Gifted novelist Louise Meriweather followed Daddy Was a Number Runner with Fragments of the Ark (Pocket Books/Simon and Schuster) a fascinating work of “faction” — well-crafted, fictional characters in an exciting tale steeped in a setting of historic fact. It’s something of, as it were, a blast from the past, having been published in 1994. Nonetheless, this is fluid, image-rich writing, capturing the African American aesthetic with strength and an expert grasp of Black culture circa the Civil War. A perfect companion for idle hours, the book is an irresistible page-turner.
In late fall 1861, true to the war’s timeline, the Union Army — outmaneuvered and outmanned — is catching hell from the Confederacy, which, aided by the British, are not far from completely turning the tide inexorably toward triumph. Laboring in the harbor at Charleston, South Carolina, one group of slaves tasked with staffing a warship are close to the gunfire, watching the Yankee navy approach, readying to battle for control of this vitally strategic location.
Rebel seamen, absolutely contemptuous of what they consider a bunch of dumb darkies, are caught with their britches down one evening. Captain and crew are ashore when Peter Mango leads several fellow slaves on an ingenious maneuver, stealing the ship and, in the pitch black of night, sailing right past the fort sentries and delivering it straight into the hands of the enemy.
This daring move, risking the hangman’s noose on the spot, more than an isolated instance of guile and guts, sets in motion events that propel Mango, his co-conspirators and their loved ones headlong into the proverbial date with destiny. They are part of a fateful event when President Lincoln, having his hand forced, finally agrees to one, declare slaves in the North and South free, and two, allow freed Black men to enlist in the armed forces.
This is fluid, image-rich writing, capturing the African American aesthetic with strength and an expert grasp of Black culture circa the Civil War.
The result being, of course, that the Confederacy now begins catching its own fair share of pure hell in the war that, though the balance of power has shifted, is far from over. And will exact a cruel cost in savaged humanity.
The beauty of Meriweather’s book is the painstaking realism with which she renders her characters and their circumstances. It is also refreshing to follow the relationship between Peter and his wife, Rain, as they fend off the fear of returning to bondage, endure the separation of his going off to fight for their freedom, and steadfastly go through the natural ups and downs of holding onto love despite sometimes misunderstanding one another and sometimes simply wanting different things, determined, bottom line, to pull through the madness around them together.

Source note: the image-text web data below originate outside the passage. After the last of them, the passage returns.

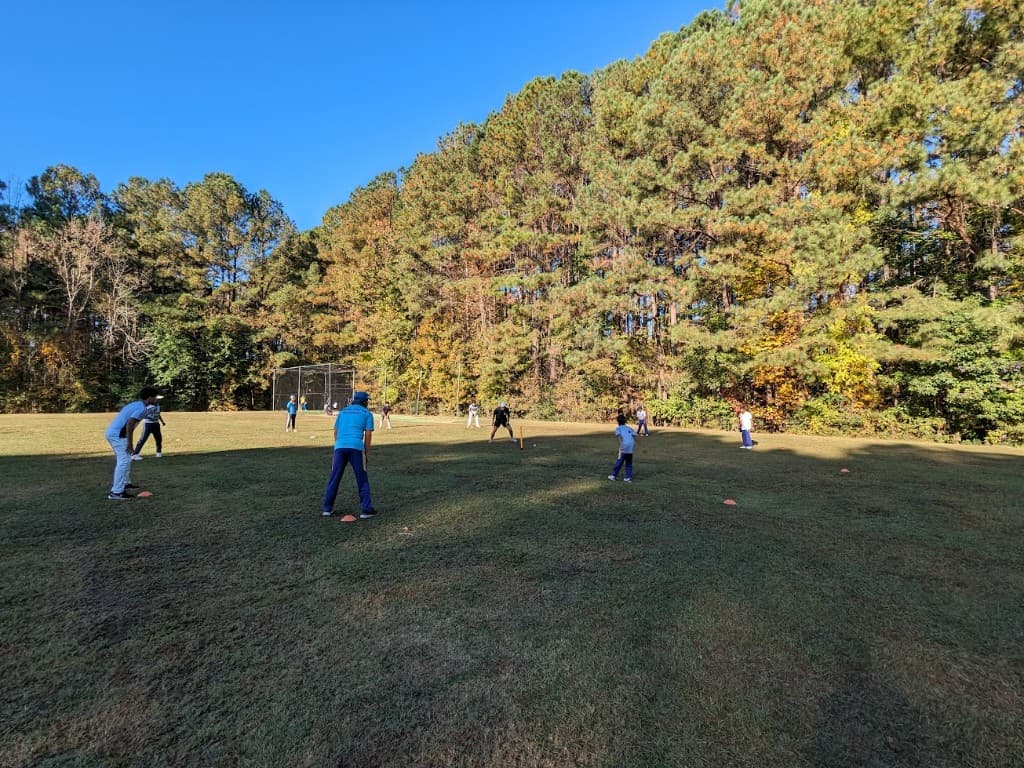 Young cricketers training at a club net session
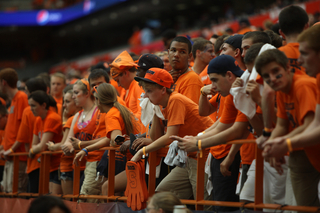 Students watch as Syracuse is defeated in their season opener.
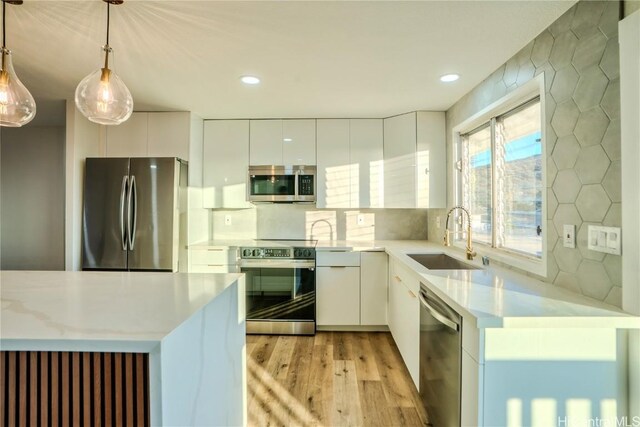 kitchen featuring sink, white cabinetry, tasteful backsplash, appliances with stainless steel finishes, and pendant lighting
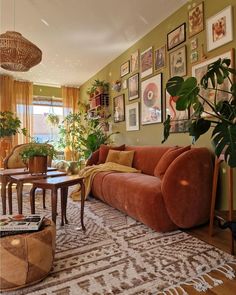 a living room filled with furniture and lots of pictures hanging on the wall above it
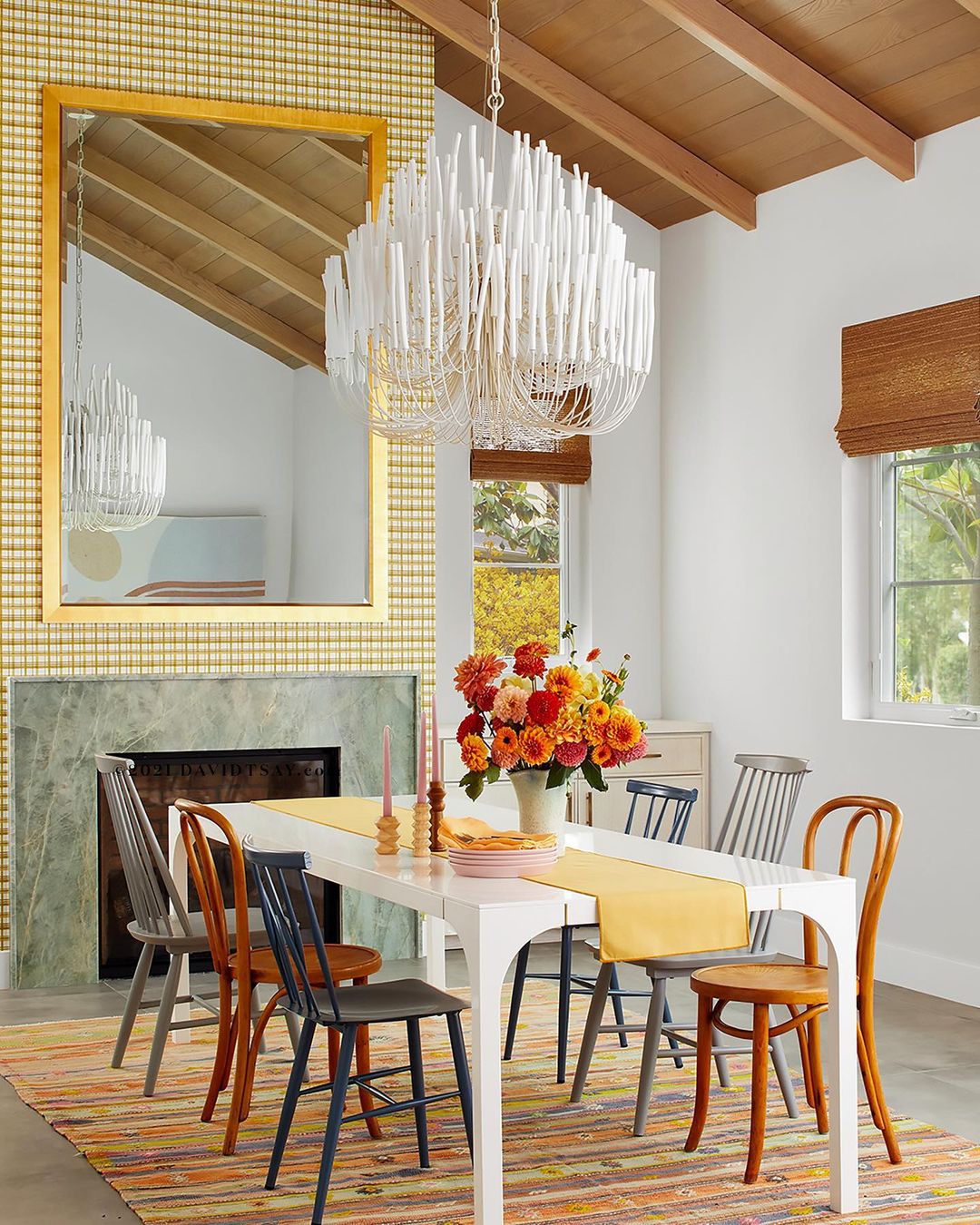 Dining room interior features a white table, assorted chairs, modern chandelier, floral centerpiece, and gold framed mirror on a patterned wall.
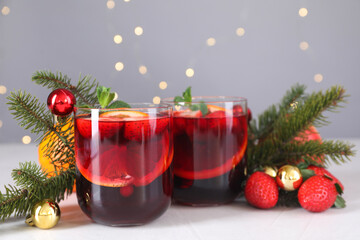 Aromatic Christmas Sangria in glasses and festive decor on white table, closeup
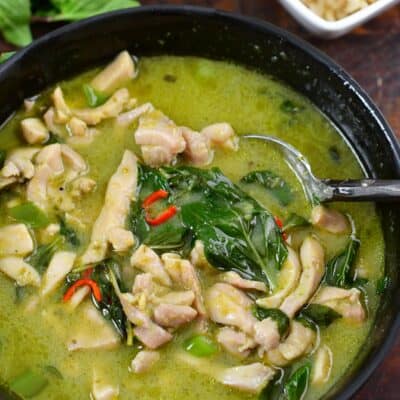 spooning some green curry out of the bowl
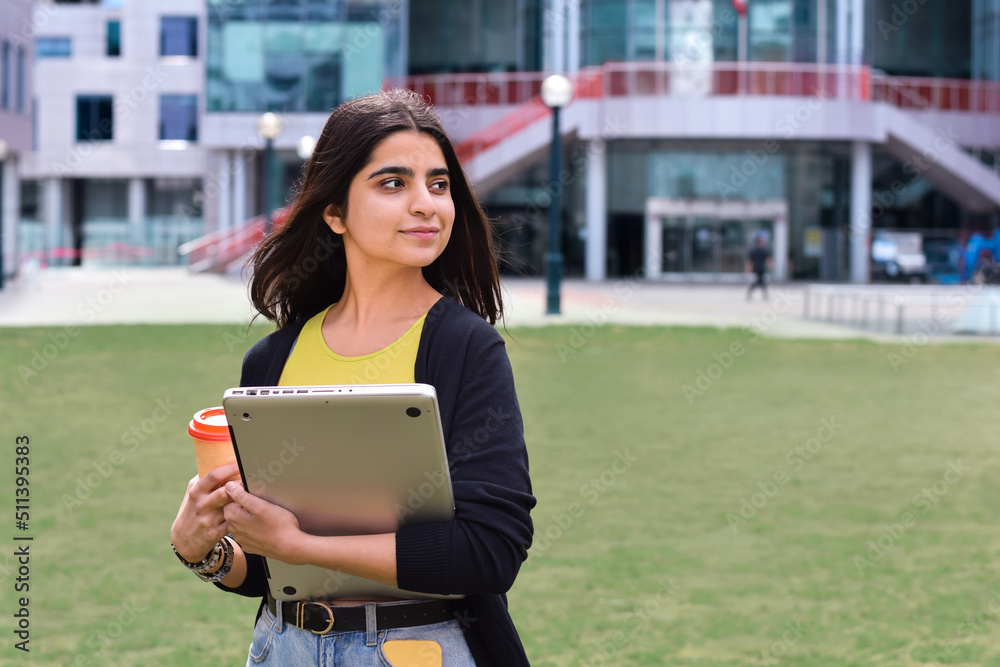 Obraz premium Young girl student walking on campus with laptop computer and coffee cup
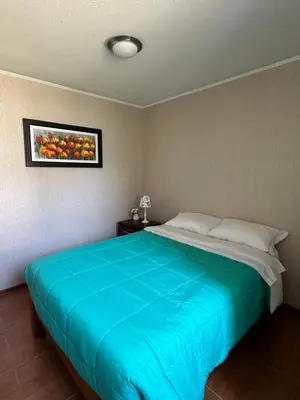 a bedroom with a blue bed with a picture on the wall at Casita en Ica con piscina in Ica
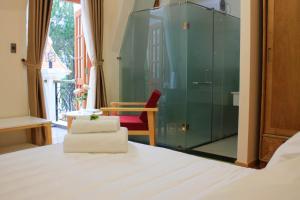Postel nebo postele na pokoji v ubytování Omirita Resort Dalat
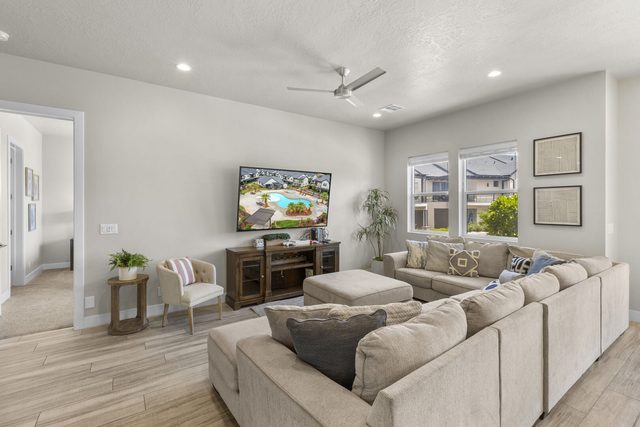 Great room with oversized sectional, ottoman and wall-mounted TV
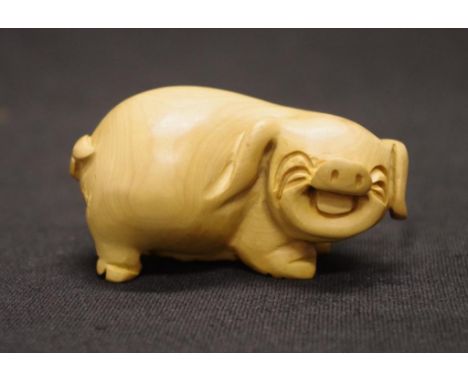 Japanese boxwood netsuke of a laughing pig length approx 7.5cm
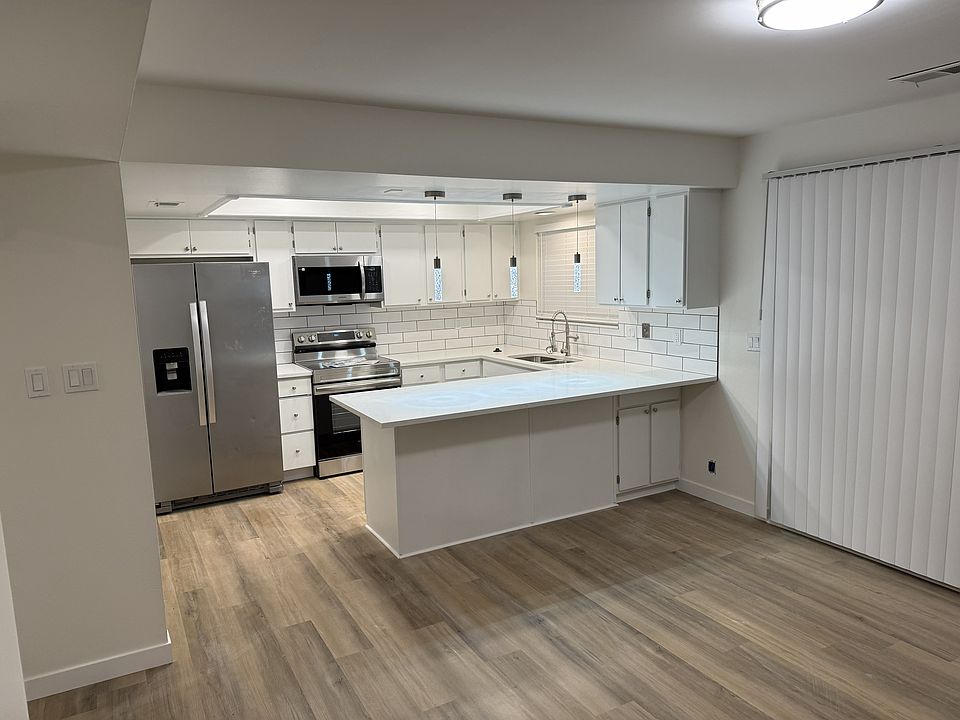 Luxury modern kitchen with brand new stove and microwave. Brand new flooring, new paint throughtout the home.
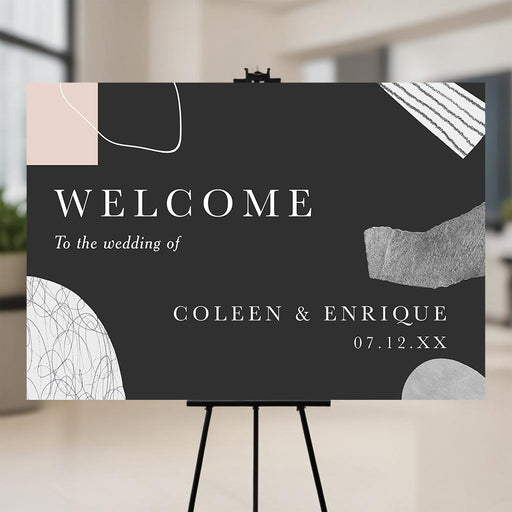 Modern abstract wedding welcome sign with black background and minimalist shapes displayed on easel.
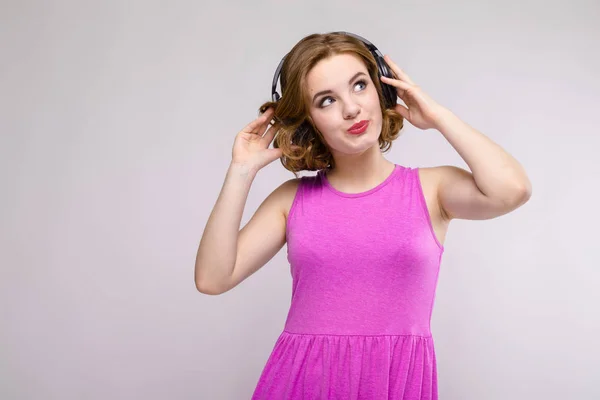 Encantadora joven en vestido rosa sobre fondo gris. Chica joven con auriculares sonriendo — Foto de Stock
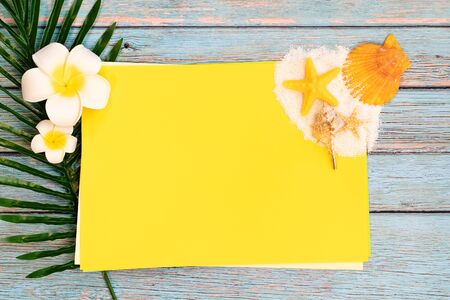 Beautiful summer holiday, Beach accessories, seashells, sand and palm leave on paper for copy spaceの写真素材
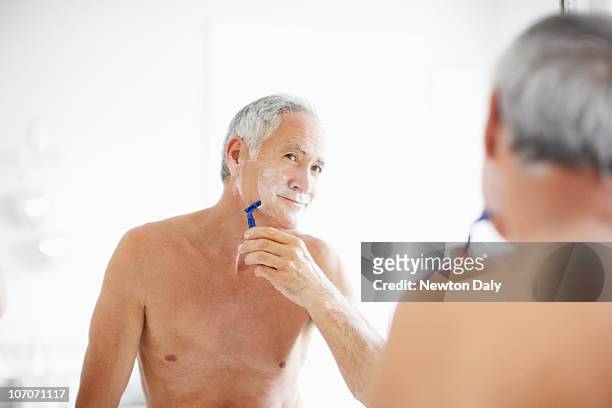 senior man shaving in mirror - scheermes stockfoto's en -beelden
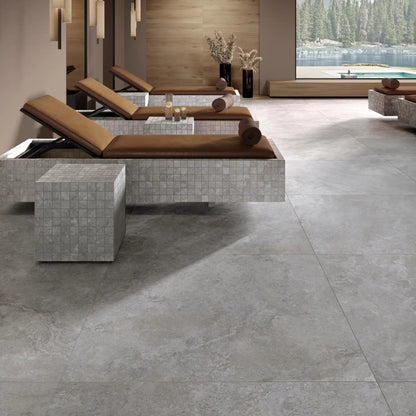 Grey stone effect porcelain tile flooring in a spa interior with natural stone-inspired veining, Dolomia Stone Grey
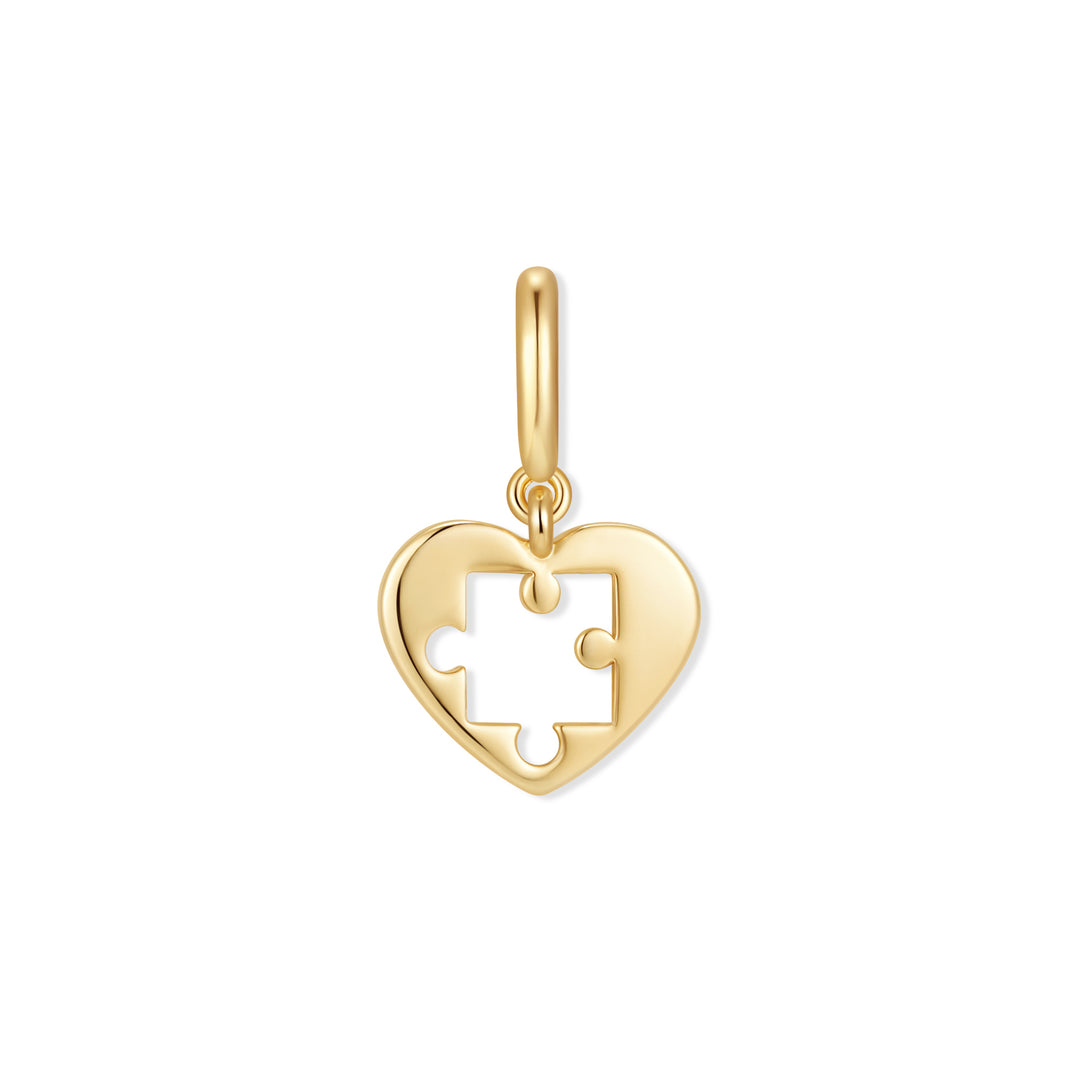 Gold-tone heart charm with a puzzle-piece cutout, suspended from a polished ring clasp.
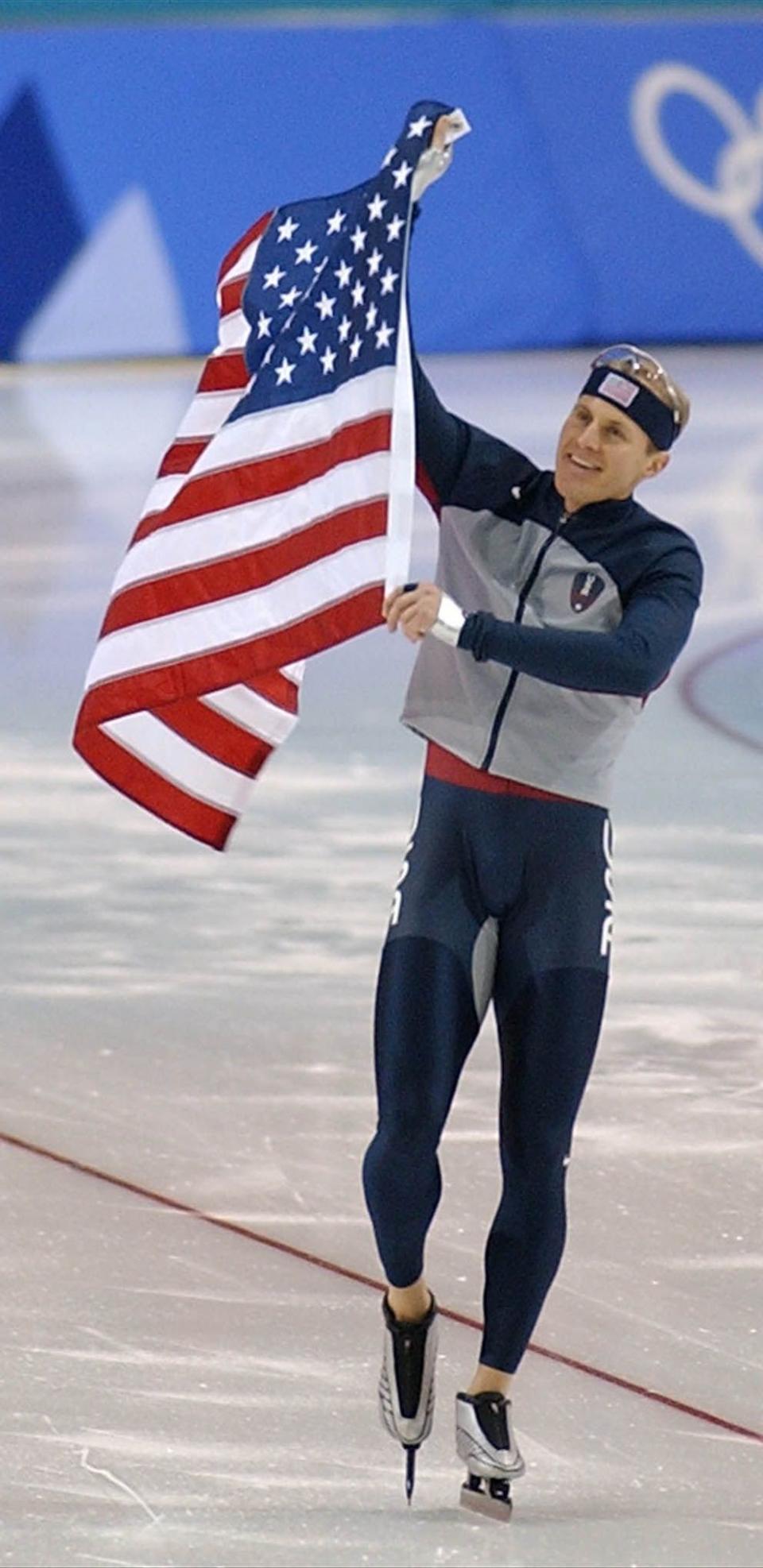 USA’s Casey Fitzrandolph holds a American flag after the second day of men’s racing in the 500 meter on Feb. 12, 2002. Fitzrandolph won the gold. | Scott G Winterton, Deseret News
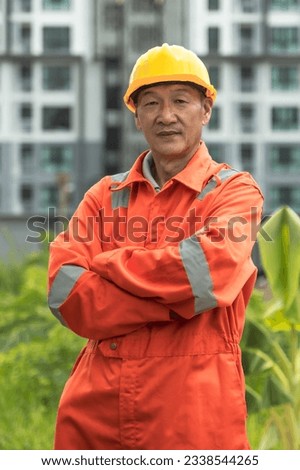 Portrait senior Japanese engineer in work jumpsuit and safety helmet standing arm crossed with high building background Royalty-Free Stock Photo #2338544265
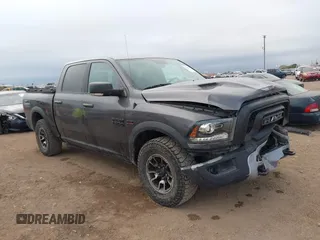 2017 Ram 1500 Rebel z VIN 1C6RR7YT0HS534465, wystawiony jako IAAI lot #41240431 z przebiegiem 125 886 mil mil oraz . Historia ofert i sprzedaży dostępna na DreamBid. Obrazek 13.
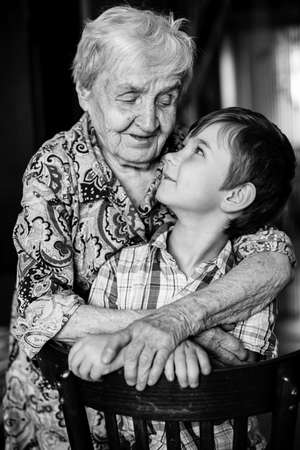 Grandmother and grandson posing for the camera. Black and white photography.の写真素材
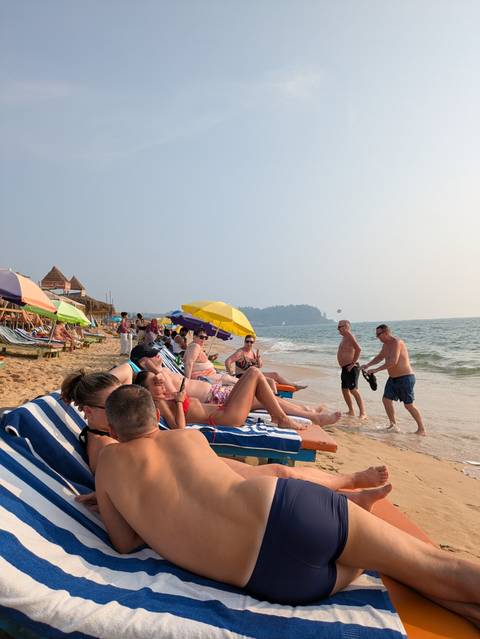 Leisurely beach scene with sunloungers and colourful umbrellas on a sandy Goa shoreline.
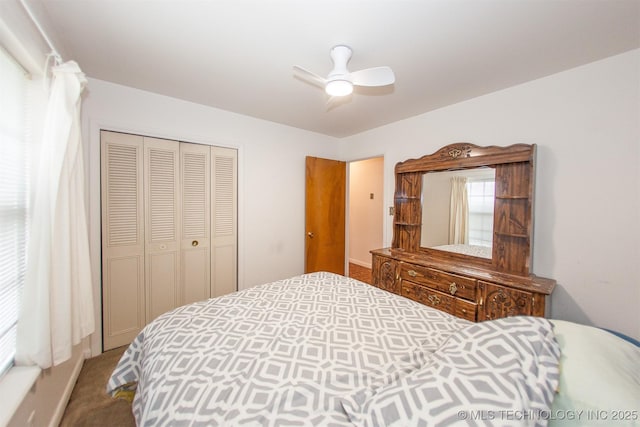 bedroom featuring carpet floors, a closet, and ceiling fan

As well, of course, it’s interesting to see the author infuse her work with inarguable authenticity, referring to martyred abolitionist John Brown, bringing in the likes of Lincoln, Harriet Tubman and more, including the Union’s legendary 54th Infantry. She eschews the insulting romanticism of Glory, the silly film that supposedly paid homage to the soldiers and to the army, laying plain the grotesque brutality that prevailed in the siege of Fort Wagner.
For the record, Col. Robert Shaw did not volunteer his men to lead that charge. They were ordered into a situation in which the only possible outcome was that 300 Black men would be slaughtered while White soldiers brought up the rear, taking comparatively few casualties.
This underscores another admirable aspect of Meriweather’s storytelling: She dispels the cherished delusion that the North led a noble fight to free downtrodden Africans in America out of conscientious commitment to do the right thing in the cause for freedom, so on and so forth. She shows blue-belly Union invaders bullying and beating up Black men and raping Black women for recreation and Lincoln not giving a damn one way or the other about slavery (in fact, he initially ordered that Union soldiers, in looting plantations, were not to interfere with slaveholders’ rights to two-legged livestock).
She also points out how valuable Blacks (Tubman, soldiers, everyday men and women) were in scouting the southern terrain that they knew like the backs of their hands. Not to mention as guides, seeing to it White soldiers got in and out of tricky places on guerilla raids with their hides intact.
Perhaps her most telling feat is that, relating a suspenseful saga of horror and hope, Louise Meriweather, in Fragments of the Ark, brings it to a powerful climax that concludes, quite believably, on a warmhearted note.